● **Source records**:
::::

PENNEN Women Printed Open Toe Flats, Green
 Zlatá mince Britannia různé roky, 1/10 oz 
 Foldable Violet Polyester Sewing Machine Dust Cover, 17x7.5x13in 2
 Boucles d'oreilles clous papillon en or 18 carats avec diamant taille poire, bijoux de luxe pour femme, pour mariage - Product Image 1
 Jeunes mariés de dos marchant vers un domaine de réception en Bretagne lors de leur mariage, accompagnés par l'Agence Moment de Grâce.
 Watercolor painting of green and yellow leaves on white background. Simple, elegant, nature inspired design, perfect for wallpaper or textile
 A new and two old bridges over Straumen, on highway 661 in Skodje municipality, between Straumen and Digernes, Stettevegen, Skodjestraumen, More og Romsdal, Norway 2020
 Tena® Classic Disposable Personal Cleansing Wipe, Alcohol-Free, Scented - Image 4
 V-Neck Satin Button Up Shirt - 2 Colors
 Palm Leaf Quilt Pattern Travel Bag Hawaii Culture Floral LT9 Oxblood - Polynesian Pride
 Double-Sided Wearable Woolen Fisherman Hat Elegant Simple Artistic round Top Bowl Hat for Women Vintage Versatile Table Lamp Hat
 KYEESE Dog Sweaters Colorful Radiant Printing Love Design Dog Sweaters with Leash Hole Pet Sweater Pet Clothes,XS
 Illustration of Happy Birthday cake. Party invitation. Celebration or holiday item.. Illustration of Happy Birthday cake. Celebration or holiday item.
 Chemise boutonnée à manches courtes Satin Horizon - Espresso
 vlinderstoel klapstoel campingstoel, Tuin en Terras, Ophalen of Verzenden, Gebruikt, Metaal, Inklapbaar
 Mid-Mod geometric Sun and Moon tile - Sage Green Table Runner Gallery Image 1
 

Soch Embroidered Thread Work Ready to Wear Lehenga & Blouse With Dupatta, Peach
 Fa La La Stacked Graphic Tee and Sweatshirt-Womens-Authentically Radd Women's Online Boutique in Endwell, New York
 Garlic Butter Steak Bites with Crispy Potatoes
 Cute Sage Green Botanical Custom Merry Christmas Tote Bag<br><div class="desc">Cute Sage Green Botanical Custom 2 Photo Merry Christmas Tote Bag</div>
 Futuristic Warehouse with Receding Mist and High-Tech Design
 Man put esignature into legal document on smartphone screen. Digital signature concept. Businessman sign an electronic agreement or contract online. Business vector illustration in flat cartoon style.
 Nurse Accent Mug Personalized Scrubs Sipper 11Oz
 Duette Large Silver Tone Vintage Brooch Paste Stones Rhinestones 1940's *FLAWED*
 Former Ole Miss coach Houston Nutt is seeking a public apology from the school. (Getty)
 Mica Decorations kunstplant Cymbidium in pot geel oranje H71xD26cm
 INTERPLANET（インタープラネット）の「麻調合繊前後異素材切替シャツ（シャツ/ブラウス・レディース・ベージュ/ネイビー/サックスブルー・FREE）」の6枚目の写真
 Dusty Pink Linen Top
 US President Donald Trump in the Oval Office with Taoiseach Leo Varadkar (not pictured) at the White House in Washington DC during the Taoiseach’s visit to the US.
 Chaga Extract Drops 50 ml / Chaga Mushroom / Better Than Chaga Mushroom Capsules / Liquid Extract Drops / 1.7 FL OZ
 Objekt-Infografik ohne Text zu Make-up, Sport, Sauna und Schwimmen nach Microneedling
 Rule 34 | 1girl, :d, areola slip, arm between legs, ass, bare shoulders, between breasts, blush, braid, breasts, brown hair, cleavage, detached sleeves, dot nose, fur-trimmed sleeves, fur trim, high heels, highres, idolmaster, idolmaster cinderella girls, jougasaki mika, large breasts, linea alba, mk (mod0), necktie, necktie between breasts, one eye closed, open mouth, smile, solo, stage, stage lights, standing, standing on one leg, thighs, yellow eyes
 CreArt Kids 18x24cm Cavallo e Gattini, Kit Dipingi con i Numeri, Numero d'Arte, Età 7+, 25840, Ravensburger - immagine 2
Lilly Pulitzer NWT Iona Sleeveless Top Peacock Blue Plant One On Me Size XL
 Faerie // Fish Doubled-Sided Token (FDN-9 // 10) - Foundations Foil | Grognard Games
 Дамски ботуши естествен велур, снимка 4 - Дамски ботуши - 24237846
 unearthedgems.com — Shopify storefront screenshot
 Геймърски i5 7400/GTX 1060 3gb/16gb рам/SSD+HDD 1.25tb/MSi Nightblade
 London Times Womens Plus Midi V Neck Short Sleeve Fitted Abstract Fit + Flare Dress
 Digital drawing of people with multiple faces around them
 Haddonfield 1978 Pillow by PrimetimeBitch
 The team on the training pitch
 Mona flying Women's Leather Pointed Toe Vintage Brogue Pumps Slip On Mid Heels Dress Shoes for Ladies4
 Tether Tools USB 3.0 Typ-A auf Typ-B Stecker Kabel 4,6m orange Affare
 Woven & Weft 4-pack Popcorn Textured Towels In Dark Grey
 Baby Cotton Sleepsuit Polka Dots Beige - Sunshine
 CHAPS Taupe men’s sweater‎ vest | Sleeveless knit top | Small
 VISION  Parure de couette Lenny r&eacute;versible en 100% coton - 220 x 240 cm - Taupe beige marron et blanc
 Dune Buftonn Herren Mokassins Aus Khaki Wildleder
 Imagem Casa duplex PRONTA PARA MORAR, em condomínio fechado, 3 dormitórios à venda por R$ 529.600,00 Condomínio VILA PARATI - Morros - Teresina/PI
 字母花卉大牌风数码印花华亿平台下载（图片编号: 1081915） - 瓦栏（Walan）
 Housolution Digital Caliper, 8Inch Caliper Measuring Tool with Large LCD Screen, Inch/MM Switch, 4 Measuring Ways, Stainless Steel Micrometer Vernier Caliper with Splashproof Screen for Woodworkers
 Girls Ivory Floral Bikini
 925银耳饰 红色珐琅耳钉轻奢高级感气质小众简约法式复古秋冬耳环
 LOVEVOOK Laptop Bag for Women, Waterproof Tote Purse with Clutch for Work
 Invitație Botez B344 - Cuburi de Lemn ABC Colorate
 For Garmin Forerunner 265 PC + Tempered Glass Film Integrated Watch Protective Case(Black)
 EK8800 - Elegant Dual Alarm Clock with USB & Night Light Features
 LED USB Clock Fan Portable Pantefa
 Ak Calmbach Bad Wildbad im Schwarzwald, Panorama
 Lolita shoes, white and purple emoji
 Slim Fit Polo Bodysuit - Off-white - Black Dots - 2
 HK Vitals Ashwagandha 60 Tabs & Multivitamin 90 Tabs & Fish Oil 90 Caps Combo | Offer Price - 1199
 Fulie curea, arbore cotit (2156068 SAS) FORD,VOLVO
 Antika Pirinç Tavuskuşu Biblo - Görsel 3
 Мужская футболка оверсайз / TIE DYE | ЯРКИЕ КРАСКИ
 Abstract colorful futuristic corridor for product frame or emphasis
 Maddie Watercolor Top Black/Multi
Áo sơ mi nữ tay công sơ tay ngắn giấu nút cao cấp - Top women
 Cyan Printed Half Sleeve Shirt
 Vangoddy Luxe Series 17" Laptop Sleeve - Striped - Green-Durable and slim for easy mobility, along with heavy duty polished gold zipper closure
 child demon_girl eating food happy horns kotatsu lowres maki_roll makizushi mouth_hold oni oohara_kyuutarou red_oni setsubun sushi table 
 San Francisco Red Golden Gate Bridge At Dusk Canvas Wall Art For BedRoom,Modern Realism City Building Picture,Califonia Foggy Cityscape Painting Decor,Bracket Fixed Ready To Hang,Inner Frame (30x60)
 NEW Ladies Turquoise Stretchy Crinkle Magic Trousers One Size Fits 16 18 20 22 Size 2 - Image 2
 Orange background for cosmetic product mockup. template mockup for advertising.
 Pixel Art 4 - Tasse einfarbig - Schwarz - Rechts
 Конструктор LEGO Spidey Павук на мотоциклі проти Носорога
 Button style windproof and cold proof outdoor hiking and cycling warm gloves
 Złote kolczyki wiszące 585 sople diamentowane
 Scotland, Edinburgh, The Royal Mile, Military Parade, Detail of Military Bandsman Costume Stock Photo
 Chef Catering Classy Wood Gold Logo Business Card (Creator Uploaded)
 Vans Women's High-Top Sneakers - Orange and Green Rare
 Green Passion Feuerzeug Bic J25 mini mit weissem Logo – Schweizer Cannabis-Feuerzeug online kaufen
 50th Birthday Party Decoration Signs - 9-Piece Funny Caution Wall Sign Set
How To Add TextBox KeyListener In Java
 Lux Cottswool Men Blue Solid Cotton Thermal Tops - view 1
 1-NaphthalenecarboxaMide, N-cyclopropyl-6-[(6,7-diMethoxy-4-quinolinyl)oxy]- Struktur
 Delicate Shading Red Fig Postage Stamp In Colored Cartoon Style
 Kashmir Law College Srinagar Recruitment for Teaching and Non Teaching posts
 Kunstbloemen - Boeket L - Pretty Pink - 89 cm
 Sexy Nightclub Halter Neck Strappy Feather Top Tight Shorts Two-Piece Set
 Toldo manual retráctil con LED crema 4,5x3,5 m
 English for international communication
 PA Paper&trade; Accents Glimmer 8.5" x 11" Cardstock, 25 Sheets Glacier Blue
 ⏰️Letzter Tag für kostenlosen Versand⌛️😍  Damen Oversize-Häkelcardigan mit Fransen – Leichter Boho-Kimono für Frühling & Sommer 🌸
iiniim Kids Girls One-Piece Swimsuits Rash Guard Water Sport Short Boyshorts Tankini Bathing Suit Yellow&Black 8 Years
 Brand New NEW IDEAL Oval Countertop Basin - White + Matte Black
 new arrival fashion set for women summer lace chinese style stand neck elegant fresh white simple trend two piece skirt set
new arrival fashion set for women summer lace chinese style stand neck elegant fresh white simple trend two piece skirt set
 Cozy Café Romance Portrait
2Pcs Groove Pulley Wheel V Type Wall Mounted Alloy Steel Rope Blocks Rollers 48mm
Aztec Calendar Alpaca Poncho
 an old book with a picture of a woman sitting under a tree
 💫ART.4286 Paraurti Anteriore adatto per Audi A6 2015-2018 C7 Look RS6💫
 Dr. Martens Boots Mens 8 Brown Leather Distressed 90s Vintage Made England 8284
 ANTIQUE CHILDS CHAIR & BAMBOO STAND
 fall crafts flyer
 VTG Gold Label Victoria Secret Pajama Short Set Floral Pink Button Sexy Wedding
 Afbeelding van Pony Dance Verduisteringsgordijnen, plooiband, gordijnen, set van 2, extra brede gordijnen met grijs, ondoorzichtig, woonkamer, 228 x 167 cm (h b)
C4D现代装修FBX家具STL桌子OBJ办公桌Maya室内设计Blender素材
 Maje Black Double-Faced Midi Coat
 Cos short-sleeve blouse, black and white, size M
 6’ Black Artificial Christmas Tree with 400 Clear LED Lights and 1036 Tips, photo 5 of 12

::::

Return, word for word, every line from the top of the entries down to the line that holds "Man put esignature", both included.

PENNEN Women Printed Open Toe Flats, Green
 Zlatá mince Britannia různé roky, 1/10 oz 
 Foldable Violet Polyester Sewing Machine Dust Cover, 17x7.5x13in 2
 Boucles d'oreilles clous papillon en or 18 carats avec diamant taille poire, bijoux de luxe pour femme, pour mariage - Product Image 1
 Jeunes mariés de dos marchant vers un domaine de réception en Bretagne lors de leur mariage, accompagnés par l'Agence Moment de Grâce.
 Watercolor painting of green and yellow leaves on white background. Simple, elegant, nature inspired design, perfect for wallpaper or textile
 A new and two old bridges over Straumen, on highway 661 in Skodje municipality, between Straumen and Digernes, Stettevegen, Skodjestraumen, More og Romsdal, Norway 2020
 Tena® Classic Disposable Personal Cleansing Wipe, Alcohol-Free, Scented - Image 4
 V-Neck Satin Button Up Shirt - 2 Colors
 Palm Leaf Quilt Pattern Travel Bag Hawaii Culture Floral LT9 Oxblood - Polynesian Pride
 Double-Sided Wearable Woolen Fisherman Hat Elegant Simple Artistic round Top Bowl Hat for Women Vintage Versatile Table Lamp Hat
 KYEESE Dog Sweaters Colorful Radiant Printing Love Design Dog Sweaters with Leash Hole Pet Sweater Pet Clothes,XS
 Illustration of Happy Birthday cake. Party invitation. Celebration or holiday item.. Illustration of Happy Birthday cake. Celebration or holiday item.
 Chemise boutonnée à manches courtes Satin Horizon - Espresso
 vlinderstoel klapstoel campingstoel, Tuin en Terras, Ophalen of Verzenden, Gebruikt, Metaal, Inklapbaar
 Mid-Mod geometric Sun and Moon tile - Sage Green Table Runner Gallery Image 1
 

Soch Embroidered Thread Work Ready to Wear Lehenga & Blouse With Dupatta, Peach
 Fa La La Stacked Graphic Tee and Sweatshirt-Womens-Authentically Radd Women's Online Boutique in Endwell, New York
 Garlic Butter Steak Bites with Crispy Potatoes
 Cute Sage Green Botanical Custom Merry Christmas Tote Bag<br><div class="desc">Cute Sage Green Botanical Custom 2 Photo Merry Christmas Tote Bag</div>
 Futuristic Warehouse with Receding Mist and High-Tech Design
 Man put esignature into legal document on smartphone screen. Digital signature concept. Businessman sign an electronic agreement or contract online. Business vector illustration in flat cartoon style.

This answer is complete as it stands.